1.6. SSL Orchestrator Quickstart¶
The F5 SSL Orchestrator provides a workflow-driven configuration:
Start by selecting a desired topology. This is defined as the method by which traffic is consumed:
For a Transparent Forward Proxy topology configuration, where the BIG-IP accepts outbound traffic as a routed path to the Internet, you can start at section 2.3.
For an Explicit Forward Proxy topology configuration, where the BIG-IP accepts outbound traffic as an addressable explicit proxy endpoint, you can start at section 2.4.
For a Reverse Proxy topology configuration, where the BIG-IP accepts inbound application traffic, you can start at section 2.5.
For an Existing Application topology configuration, where the SSL Orchestrator security policy can be attached to an existing reverse proxy application virtual server, you can start at section 2.6.
For a Layer 2 topology configuration, where the BIG-IP acts as a physical bump-in-the-wire for inbound or outbound traffic flows, you can start at section 2.7.
Once the topology is selected, you will define one or more security services to attach to the SSL Orchestrator. A security service is the external component (appliance, module) that receives decrypted traffic and performs layered security functions on that traffic. Security services are independently addressable from the SSL Orchestrator, and a “service” represents one or more “devices” of the same type in a load-balanced pool.
An inline layer 2 security service is itself a bump-in-the-wire and accepts decrypted traffic into one interface and returns that traffic on another interface.
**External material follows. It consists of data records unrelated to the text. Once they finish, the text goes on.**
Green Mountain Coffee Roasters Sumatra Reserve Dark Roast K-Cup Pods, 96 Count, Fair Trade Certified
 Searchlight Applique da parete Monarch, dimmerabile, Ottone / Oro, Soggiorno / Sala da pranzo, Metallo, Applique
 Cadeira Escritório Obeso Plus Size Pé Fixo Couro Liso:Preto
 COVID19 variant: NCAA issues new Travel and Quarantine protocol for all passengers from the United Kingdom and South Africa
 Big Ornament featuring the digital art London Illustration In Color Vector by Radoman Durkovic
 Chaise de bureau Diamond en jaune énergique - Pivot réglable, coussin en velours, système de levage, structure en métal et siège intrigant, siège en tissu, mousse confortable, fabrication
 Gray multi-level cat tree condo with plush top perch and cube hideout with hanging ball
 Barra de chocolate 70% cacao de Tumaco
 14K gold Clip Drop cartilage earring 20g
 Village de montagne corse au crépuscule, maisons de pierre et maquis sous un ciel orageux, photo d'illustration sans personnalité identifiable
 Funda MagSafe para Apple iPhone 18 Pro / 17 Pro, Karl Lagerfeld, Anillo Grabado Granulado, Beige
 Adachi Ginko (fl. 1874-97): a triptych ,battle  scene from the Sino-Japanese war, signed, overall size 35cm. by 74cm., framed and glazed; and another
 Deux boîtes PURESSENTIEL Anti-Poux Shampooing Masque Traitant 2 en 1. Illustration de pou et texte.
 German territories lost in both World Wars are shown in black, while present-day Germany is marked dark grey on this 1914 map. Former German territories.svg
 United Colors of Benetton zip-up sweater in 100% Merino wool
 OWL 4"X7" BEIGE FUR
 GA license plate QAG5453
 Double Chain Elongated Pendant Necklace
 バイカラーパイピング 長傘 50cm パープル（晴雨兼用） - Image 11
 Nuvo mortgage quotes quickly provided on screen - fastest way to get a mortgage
Passive inline security devices normally fit into this category. Detailed information for this service type can be found in section 3.1.
An inline layer 3 security service is a layer 3 device that accepts routed traffic and then routes that traffic back to the BIG-IP. An Intrusion Prevention System (IPS) or Next Generation Firewall (NGFW) normally fall into this category. Detailed information for this service type can be found in section 3.2.
An inline HTTP security service is a proxy device. It can either be a transparent or explicit proxy. Detailed information on this service type can be found in section 3.3.
An ICAP security service is any device that conforms to RFC3507 for consuming traffic. Detailed information on this service type can be found in section 3.4.
A TAP security service is a passive receive-only device. An Intrusion Detection System (IDS) is a typical example of a TAP service. Detailed information on this service type can be found in section 3.5.
Once the services are defined, create one or more service chains which contain ordered sets of security services which traffic will flow to for inspection.
Next, the Security Policy defines the set of traffic matching criteria, and corresponding actions. Security policies are described in more detail in section 4.3. A matching traffic pattern defines the following actions:
Allow or Block the traffic.
TLS intercept (decrypt) or bypass decryption.
Assign the traffic to a specific service chain.
To complete the workflow, define any additional traffic consumption characteristics on the Interception Rules page, and finally, define how traffic leaves the BIG-IP on the Egress Settings page.